Это была пора расцвета дионисийской мощи: узкие еловые аллеи времен Анны Дмитриевны совсем заросли, ели тесно сомкнулись в который раз, но, кажется, навсегда. Даже широченная центральная аллея от въездных ворот утонула в набеге елового подроста. Еловый лесок рос, тянулся ввысь. Между лесом и парком протянулся сначала узкий, а затем все более широкий мост из ели и пихты. Взметнулось вверх несколько лиственниц с размахом веток в беличий прыжок. Со стороны дома, к покосившейся колонне из леска устремился острый мыс молодой поросли. Через пару лет зеленый утюг докатился до самого подножья колонны, и вот уже еловые лапы стали царапать мрамор, подбираясь к бабьему лицу лжеполководца. Зеленые партеры, которые так холила Нюта Врасская, пали первыми. Гладь ровной стрижки сменили бугры и ямы. Перед фасадом встало пестрое войско: шатры шиповника, копья вереска, конские гривы акаций, шлемы чертополоха… Нежные цветники, клумбы штамбовых роз, вензеля ноготков — от всего этого и следа не осталось. К парадным ступеням желтым дымком — пах! пах! — стремилось золото лютиков, рдела ржавая кровь горицвета. Шла пальба и перестрелка нивяника, васильков и ромашек. Прямые линии искривились, квадраты расплылись, цветочные прошпекты рассеялись в жадном хаосе сорняков. Петербургская планиметрия повсюду терпела поражение. Почему?
Почему шпалеры Версаля и ранжиры Петрополиса так нуждаются в ножницах садовника? Стоит чуть ослабить удила, как натура бросается в пьяное бегство.

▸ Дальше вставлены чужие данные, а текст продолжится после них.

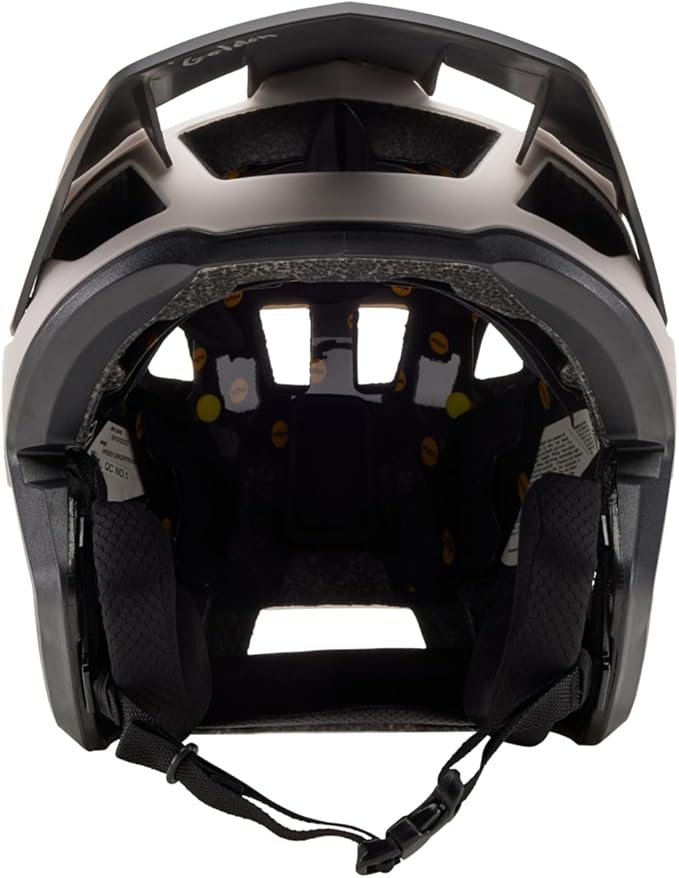 Fox Racing Unisex Dropframe Mountain Bike Helmet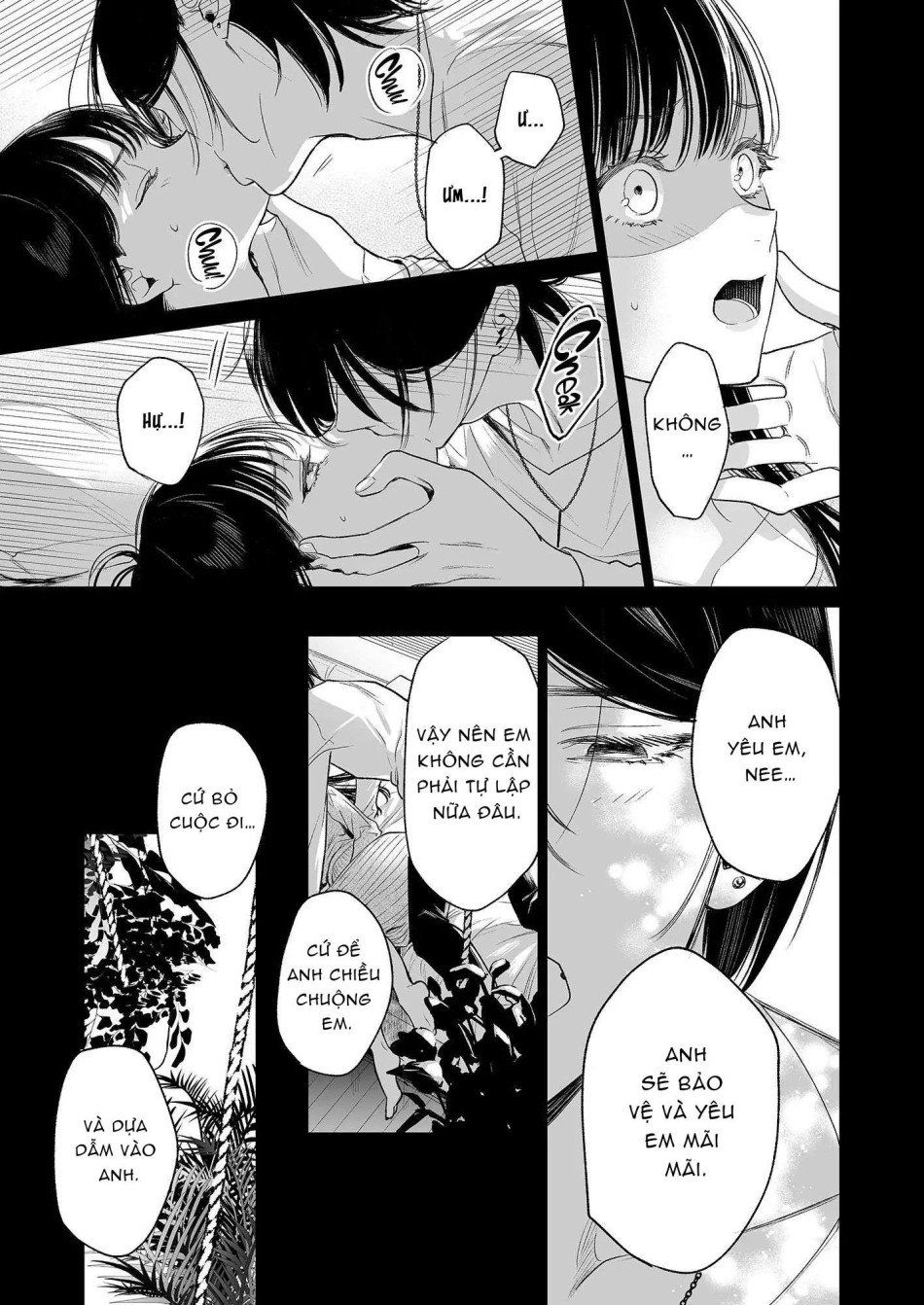 đọc truyện [ 18 + ] Tuyển Tập Oneshot Manga Bạo Chương 1 ảnh 20 tại Truyện Dạ Ký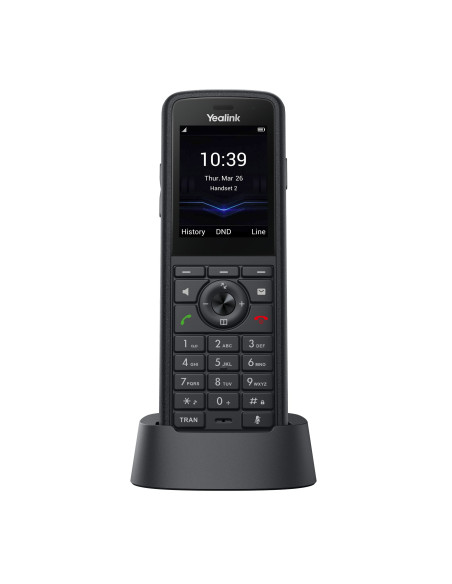 Yealink W59R Pro SIP DECT odolná rúčka, BT, IP67, FNR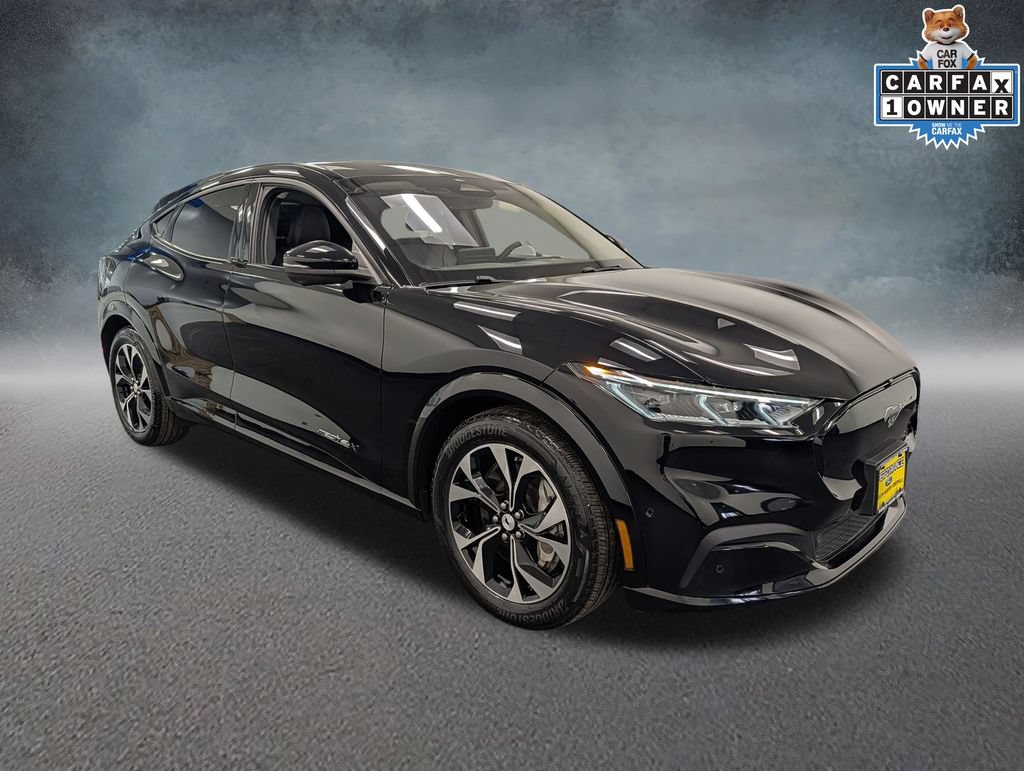 Certified 2023 Ford Mustang Mach-E Premium AWD/4WD image 3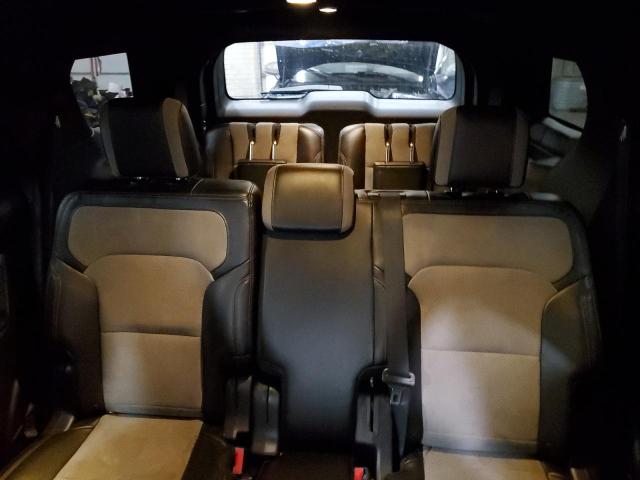Foto 10 de la subasta – 2017 FORD EXPLORER X con VIN 1FM5K8D84HGA40000
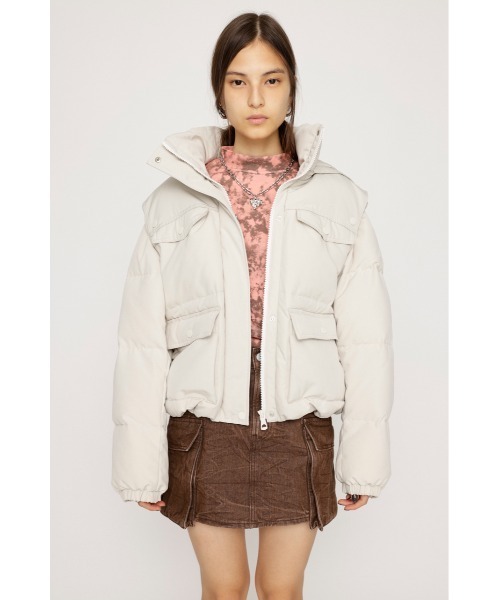 「SLY」 ブルゾン FREE グレー レディース_画像8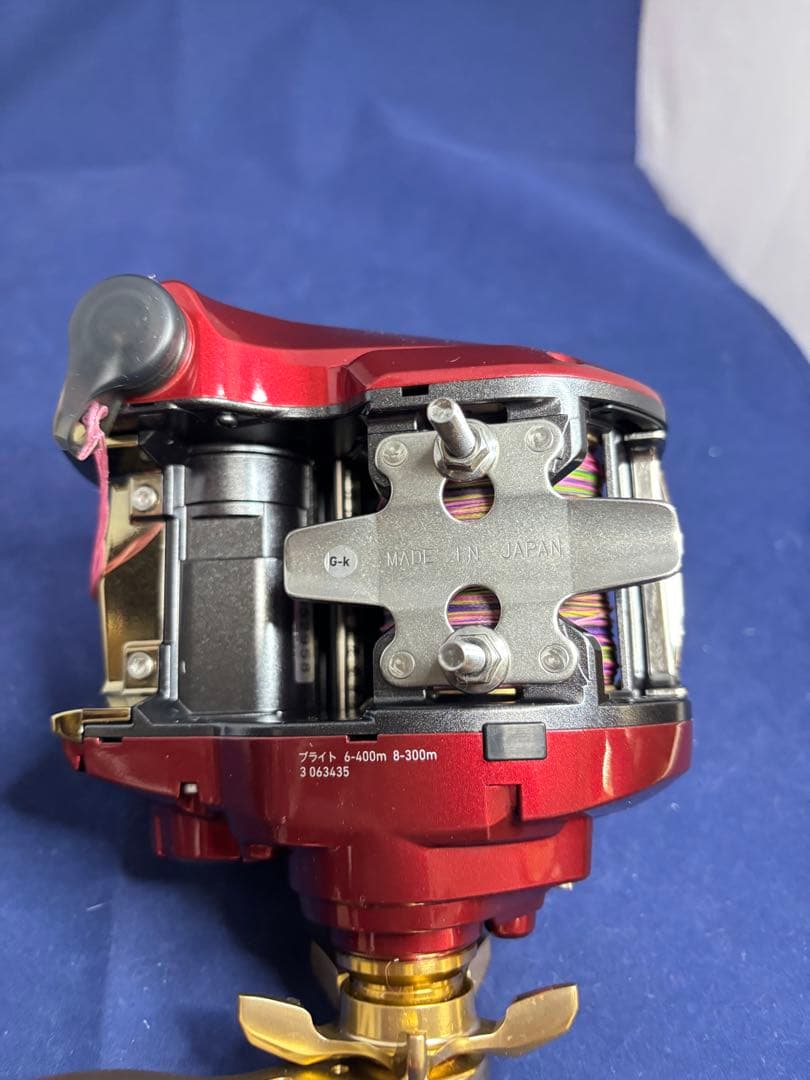 美品　DAIWAシーボーグ600MJ 下箱付き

Почему Северной Пальмире шепотом бросали проклятья еще во времена царя-Гороха? «Питербурху де быть пусту». Эти слова бывшей царицы и петровой жены Авдотьи Лопухиной, сначала попали из показаний царевича Алексея в протокол допроса, а оттуда в «Историю царствования Петра Великого» историографа Устрялова и труд Соловьева. Какая амплитуда оценок! От письма Меншикова, в котором он Питербурх называет «святой землей», и панегириков Сумарокова — «северный Рим!» — до зубовного скрежета Достоевского: «…а почем знать, может быть, все это чей-нибудь сон, кто-нибудь вдруг проснется, кому все это грезится, и все вдруг исчезнет». Набор проклятий можно продолжить — Лесков: «…они скоро все провалятся в свою финскую яму». Белый: «Горы обрушатся от великого труса; а родные равнины от труса (землетрясения) изойдут повсюду горами. На горах окажется Нижний, Владимир и Углич. Петербург же опустится». Блок: «Ему казалось, кое-как, Что Петербург не враг России». В 1915 году один современник пишет другому: «Москва действительно сердце России, а Петроград… вы думаете голова, увы, нет! Это геммороидальная шишка колежского асессора, который Петроград принимает за Россию. „Быть ему пусту“, — говорили старообрядцы».
А как же Пушкин?
«Люблю тебя, Петра творенье…», а дальше: «Ужо, тебе!»
А как выскальзывает — обмылком — само имя столицы, никак не дается в руки: Питер-Бурх, Петербург, Санкт-Петербург, Петроград, Питер… или Северная Пальмира, Северный Рим. Но ведь сказано, четвертому Риму не бывать.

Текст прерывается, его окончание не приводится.